New study says gang injunctions provide short-term benefits
By: SCOTT MARSHALL – Staff Writer
Last modified Thursday, September 29, 2005 10:05 PM PDT
NORTH COUNTY —- Gang injunctions limiting the activities of alleged gang members can make gangs less visible in the community, reduce residents’ anxiety about gang members and make residents feel less intimidated by gangs, a new study shows.
However, a critic of the study said the study measured residents’ perceptions, but doesn’t indicate whether gang injunctions prevent crime.
Gang injunctions, one of which is scheduled to be debated in a Vista courtroom today, are civil court orders that prohibit alleged gang members from engaging in several activities within specified areas of a city. The prohibited activities usually include being with other known gang members, possessing guns or other dangerous weapons, fighting, graffiti, making gang hand signs and wearing gang clothes.
Alleged gang members can be arrested and prosecuted for alleged violations of the civil injunctions, facing possible fines and up to six months in jail for each violation.
Residents in some North County neighborhoods where gang injunctions have been implemented have credited them with helping reduce gang activity.
Jan Ohlandt, an Escondido resident who lives in the area restricting the Westside gang, said some gang members appear to have moved a block away from her house, but that she thought the injunction was worthwhile.
“We really don’t see them or hear them,” Ohlandt said. “They (gang members) haven’t seemed to bother anybody at all since” the gang injunction took effect.
The gang injunction study, published in the journal Criminology and Public Policy, purports to be “the first scientific evaluation” of how gang injunctions affect the communities where they are implemented. The study focused on “changes in the quality of life” in a neighborhood rather than how an injunction affected gang members or crime levels.
The San Diego County district attorney’s office has obtained 12 gang injunctions countywide since 1997, including four in Oceanside, two in Escondido and one in San Marcos. Prosecutors have requested one gang injunction in Vista as well. A trial to determine whether that injunction will be made permanent is scheduled for today in the Superior Court in Vista.
While law enforcement officials and some North County residents have said gang injunctions make neighborhoods safer, critics have long argued that they target poor people who lose personal freedoms because they can’t afford attorneys to defend them.
ACLU attorney Candace Carroll said one of the problems she sees with gang injunctions is that they outlaw a lot of behavior that otherwise would be legal.
“Nothing in this study solves that problem,” Carroll said.
State appeals courts have ruled that the civil gang injunctions don’t violate civil rights and that the law doesn’t allow court-appointed attorneys in such cases.

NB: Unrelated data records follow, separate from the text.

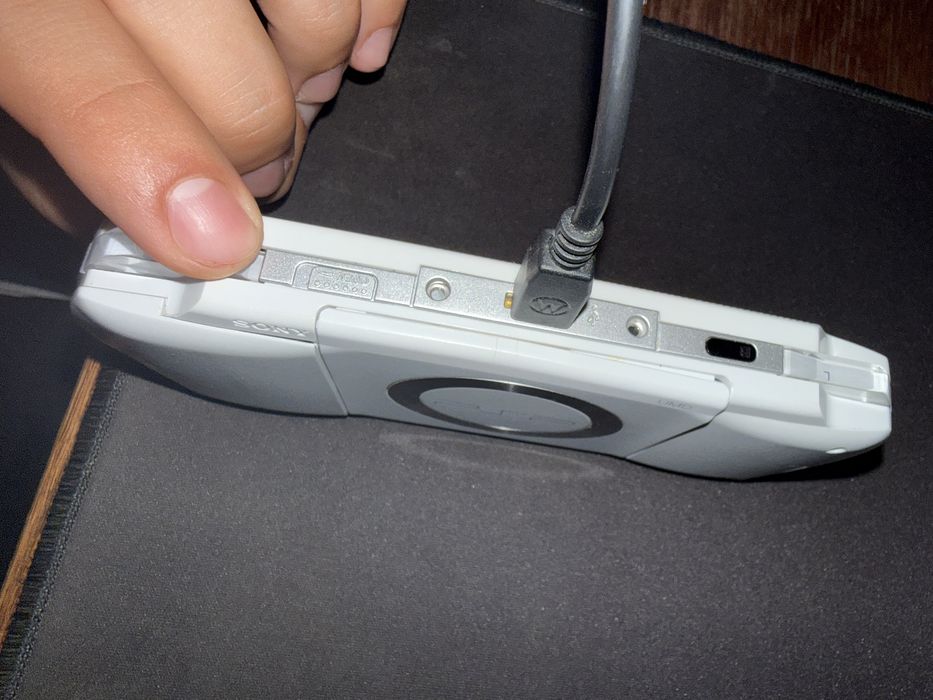 Psp Fat Branca + Carregador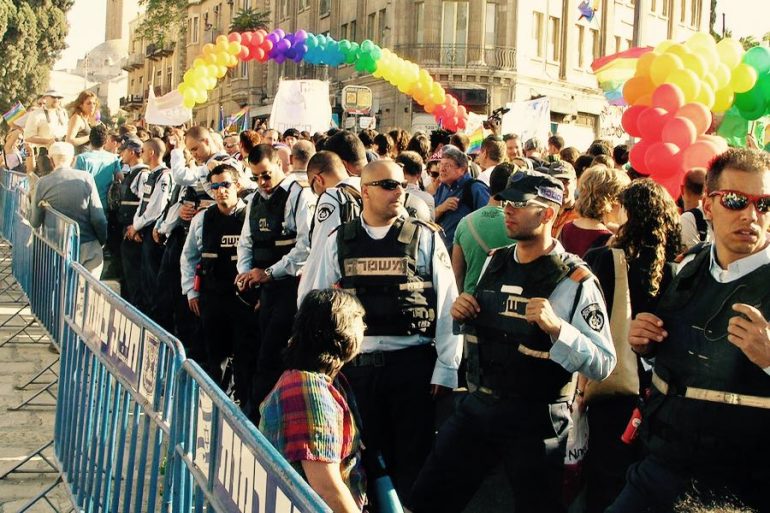 Polizia al Gay Pride di Gerusalemme in Israele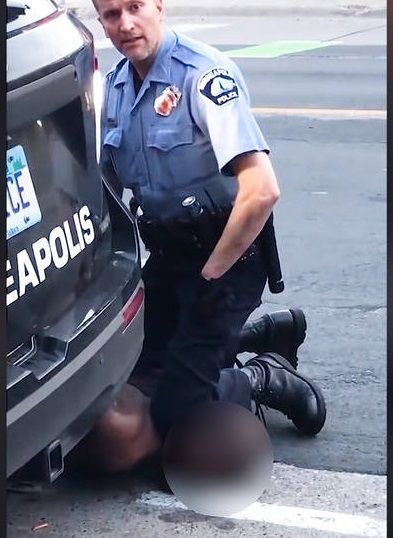h1-four-minneapolis-cops-fired-after-shocking-video-shows-killing-george-floyd.jpg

San Diego County Deputy District Attorney Terri Perez, who works on all gang injunction cases her office files, said that how the injunctions affect neighborhoods varies, but that she believes they increase communication between law enforcement and residents.
“I think the residents feel safer,,” Perez said.
A joint effort of professors from UC Irvine and the University of Southern California, the study examined a San Bernardino neighborhood where authorities obtained a gang injunction and four nearby communities, including one that was a “secondary” community covered by the gang injunction. Nearly 800 residents in the five communities were surveyed 18 months before the gang injunction was obtained, and 1,229 residents were surveyed six months after it was issued, the study states.
In the “primary” area to which the gang injunction applied, residents reported that they saw gang members hanging out less often after the injunction, that they were less anxious about gang activities, and were less afraid of having a confrontation with a gang member. The percentage of people who reported any intimidation by a gang member dropped from 55 percent before the injunction to 47 percent after, the study stated.
“First and foremost, it (the study) is telling us community members in the neighborhoods where gang injunctions are implemented can see and feel the difference in their neighborhoods,” said Cheryl Maxson, a UC Irvine associate professor and co-author of the study.
Maxson said, however, that “the bad news” is that the “secondary” gang injunction area did not show the same positive results.
Residents in the secondary area reported seeing gang members more often, were more anxious about gang activity and had a greater fear of a confrontation with a gang member. The percentage of people in that area who said they experienced any intimidation from a gang member rose from 38 percent to 42 percent.
Maxson said the results from the “secondary” area should signal law enforcement officials “not to overreach” in deciding the geographic area an injunction should cover. The study states that possible reasons for the negative results in the secondary area include that the area had less gang activity and social disorder before the injunction, and the injunction may have produced “cohesiveness” or “oppositional defiance” among gang members who lived in that area.